In my youth, I traveled the Lake District of England with a volume of Wordsworth in hand to imbibe the sensations of the locale that was a focus of the poetry that I had once read in college. Now, as I spend more time reading and writing about living and designing around place, it is refreshing to revisit Wordsworth and his perspective.
Interestingly, in his poem “Lines Composed a Few Miles above Tintern Abbey,” (1798), Wordsworth writes about revisiting this scene of his youth after a number of years of being involved in day-to-day city life.

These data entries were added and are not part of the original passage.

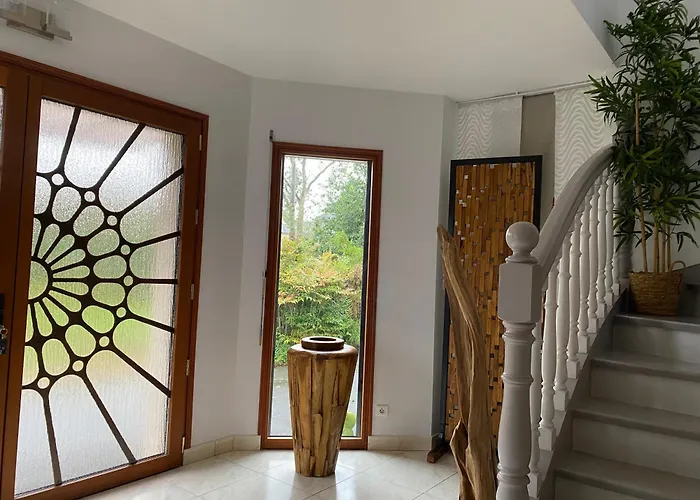 L'oree Du Mont Proche Du Mont Saint Michel Guest house 3*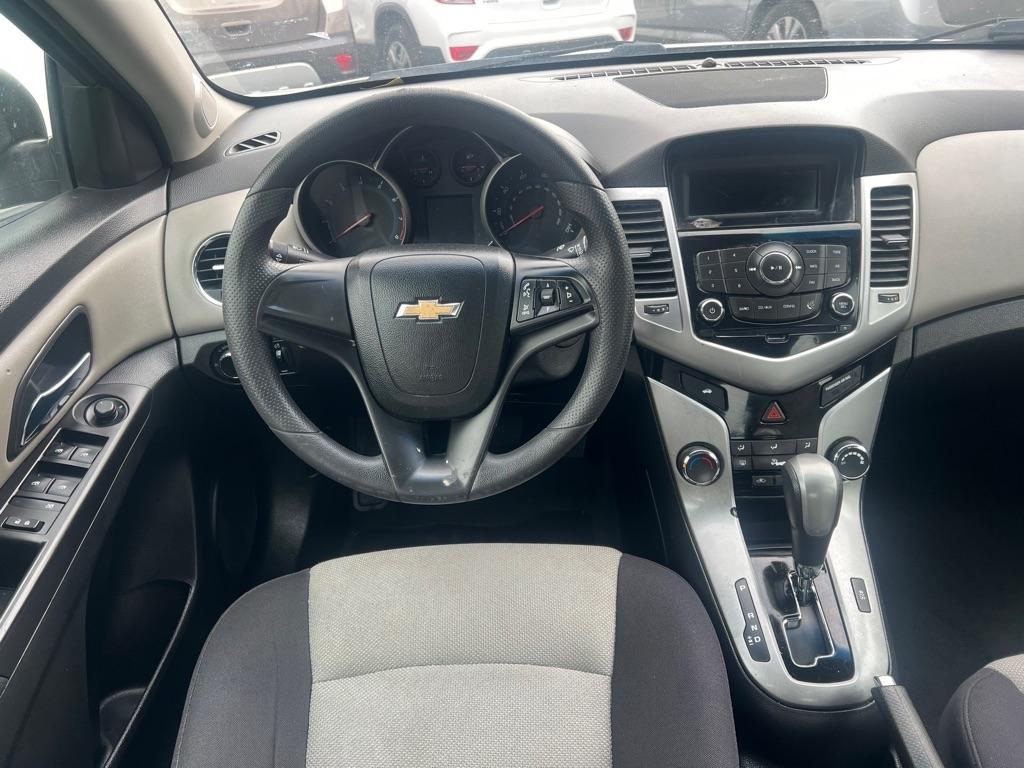 Chevrolet Cruze LS Auto 2015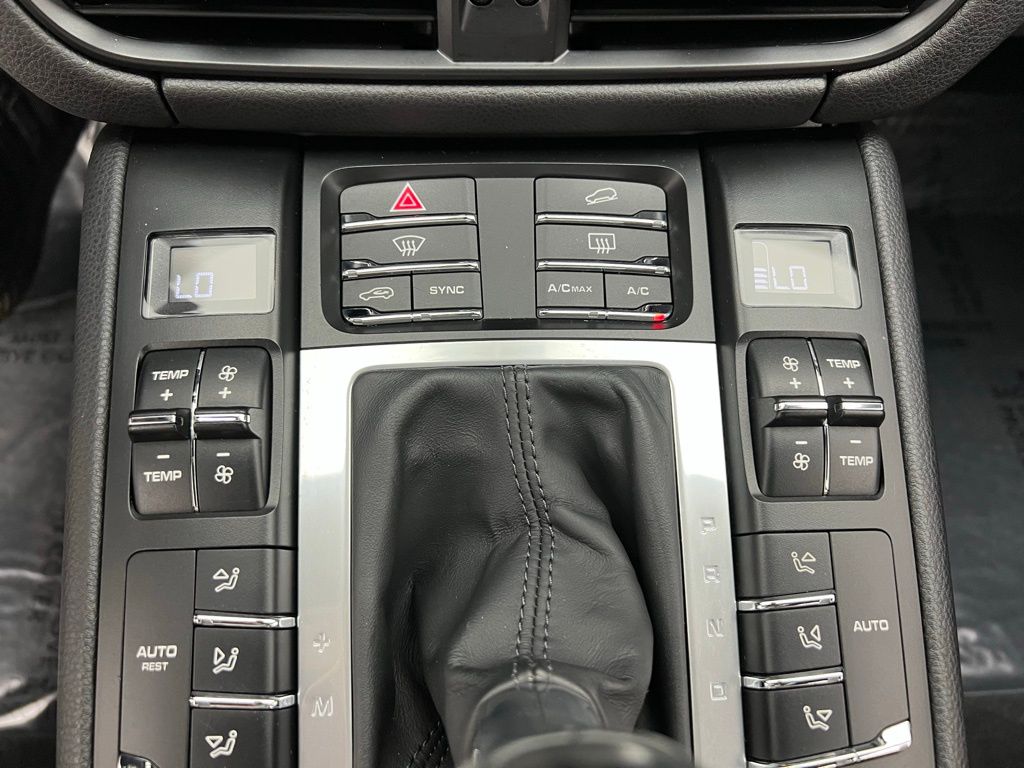 2021 Porsche Macan Base photo 14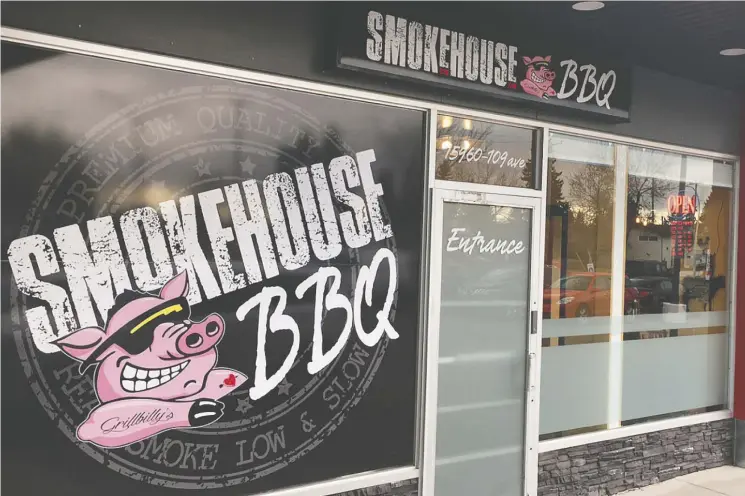  ??  ?? Smokehouse BBQ in the city’s west end Mayfield neighbourh­ood is the kind of spot you’d like to have in your neighbourh­ood, writes Alan Kellogg.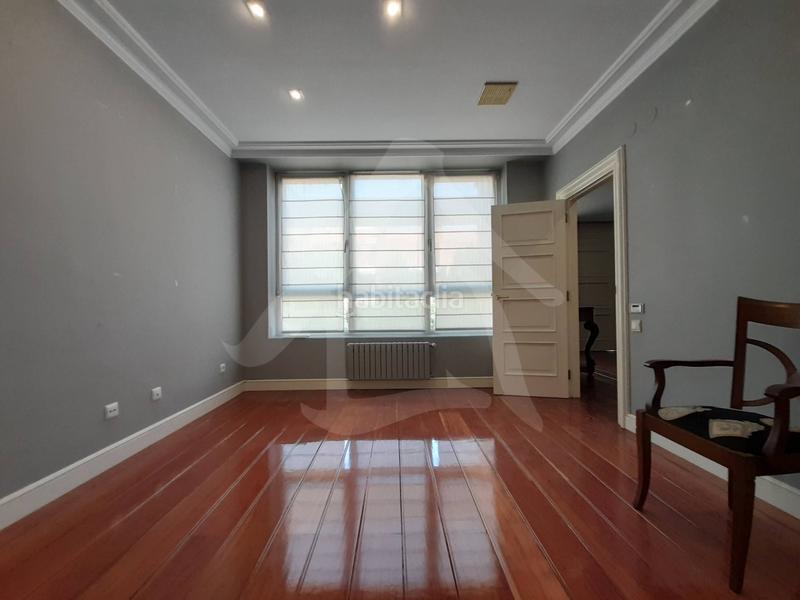 Foto cab23d5d-5ac2-4fad-a3a3-fc6526e779d5. Casa diseñada para vivir en ella! en Avenida Madrid Logroño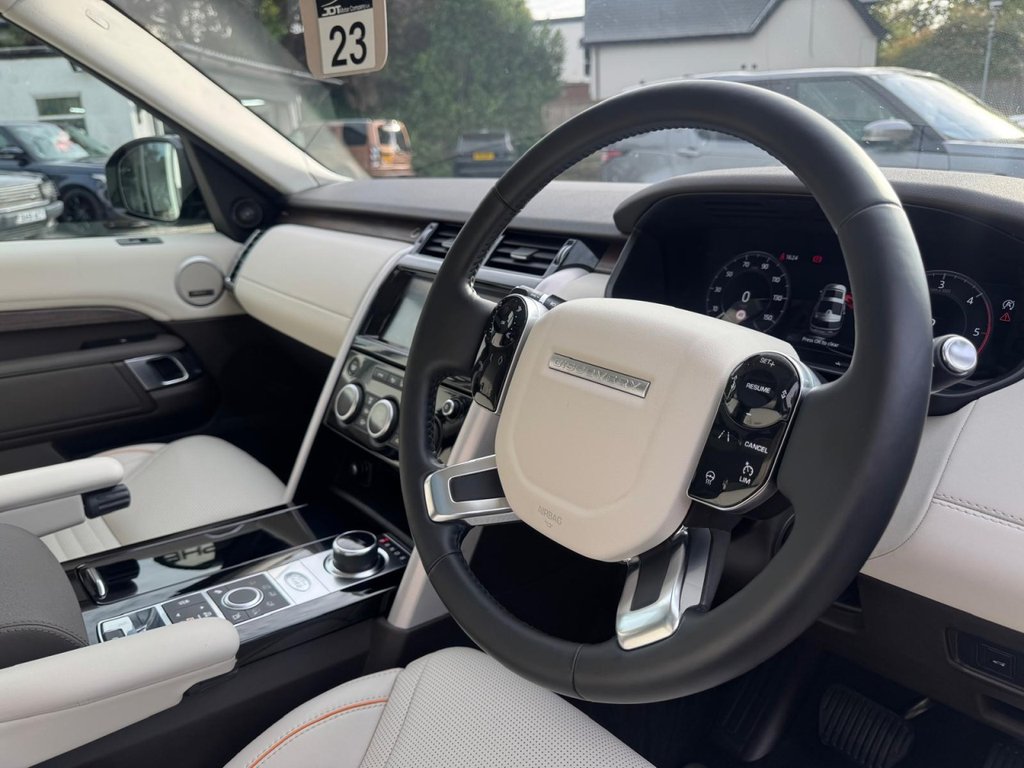 Used Land Rover Discovery 2019 for sale - 76080960: Photo 31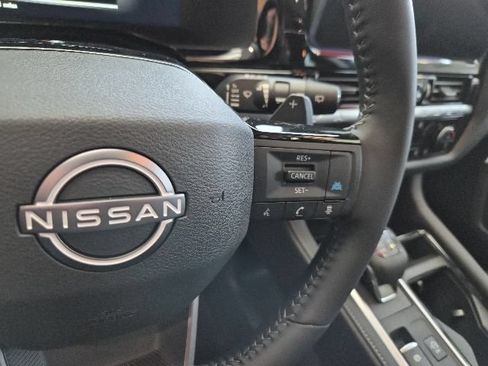 New 2026 Nissan Pathfinder SL w/ SL Premium Package AWD/4WD image 21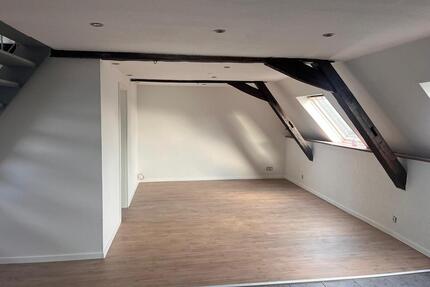 Geräumige Dachgeschoßwohnung mit kompletter Küche - Kerken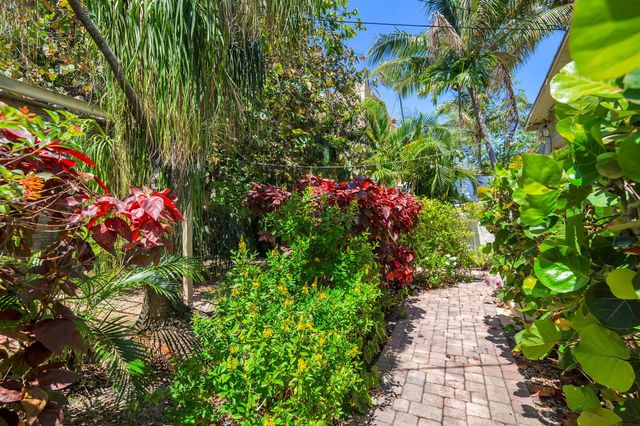714 Sunset Road, West Palm Beach, FL 33401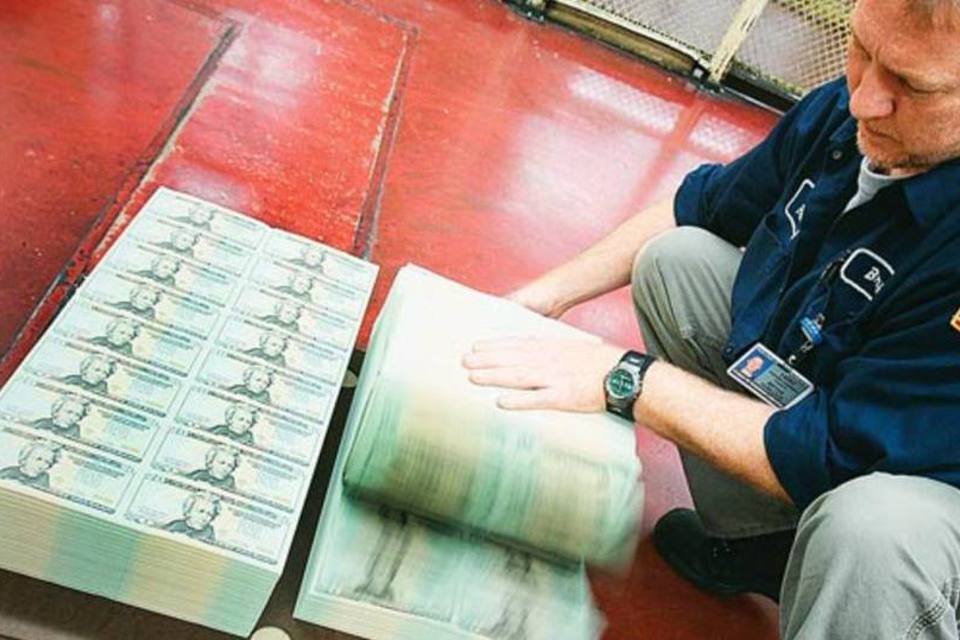 Dólar fecha a R$ 1,681, com alta de 2,75% na semana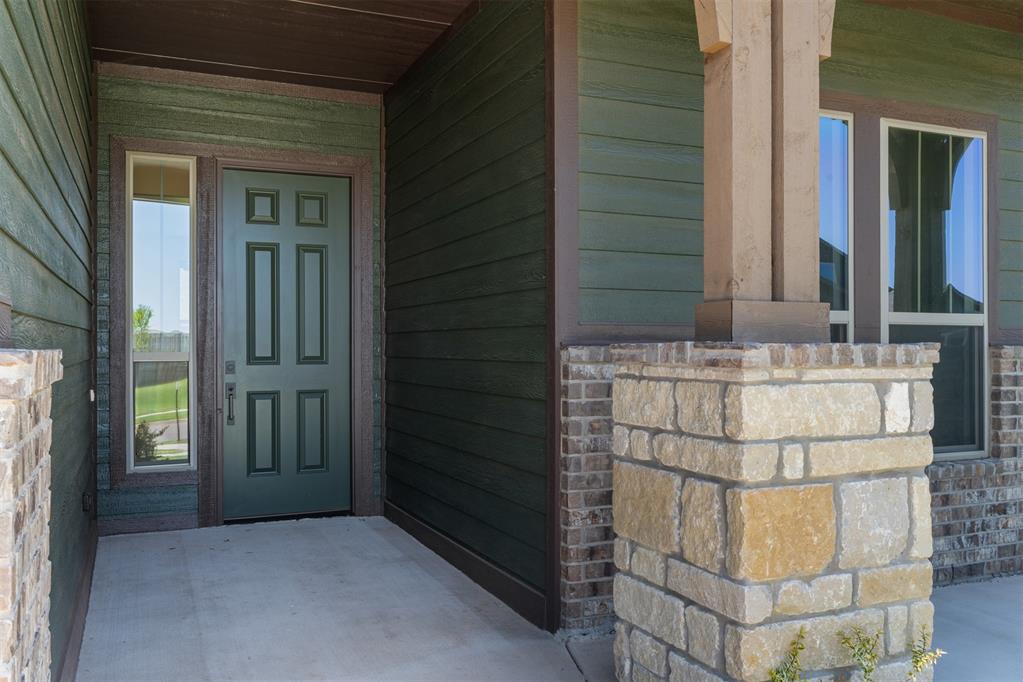 729 Caladium Drive Property Photo 4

Here is his description of his return.
And so I dare to hope,
Though changed, no doubt, from what I was when first
I came among these hills; when like a roe
That on the banks of this delightful stream
We stood together; and that I, so long
A worshipper of Nature, hither came
Unwearied in that service; rather say
With warmer love — oh! With far deeper zeal
Of holier love. Nor wilt thou then forget,
That after many wanderings, many years
Of absence, these steep woods and lofty cliffs,
And this green pastoral landscape, were to me
More dear, both for themselves and for they sake!
Earlier in the poem, Wordsworth describes the scene that had so impacted him earlier in his life that he is now returning to.
Once again
Do I behold these steep and lofty cliffs,
That on a wild secluded scene impress
Thoughts of more deep seclusion; and connect
The landscape with the quiet of the sky.
The day is come when I again repose
Here, under this dark sycamore, and view
These plots of cottage-ground, these orchard-tufts,
Which at this season, with their unripe fruits,
Are clad in one green hue, and lose themselves
‘Mid groves and copses. Once again I see
These hedge-grows, hardly hedge-grows, little lines
Of sportive wood run wild.
One message from this poetic adventure is for each of us to remember the experience of being in Nature in days gone by, to gain comfort from it as I do even while writing this short article and to project this as part of a future vision of living more anchored in place in a regenerated landscape.
I have started carrying around a pocket-sized (literally) book of Wordsworth’s selected nature poetry entitled: The Book Of Nature: Wordsworth’s Poetry on Nature” (2020) which I recently obtained. Each poem is a pleasant respite as I sit and have my coffee in my current urban setting. Wordsworth’s images help to dispel the sounds of cars and busses going by.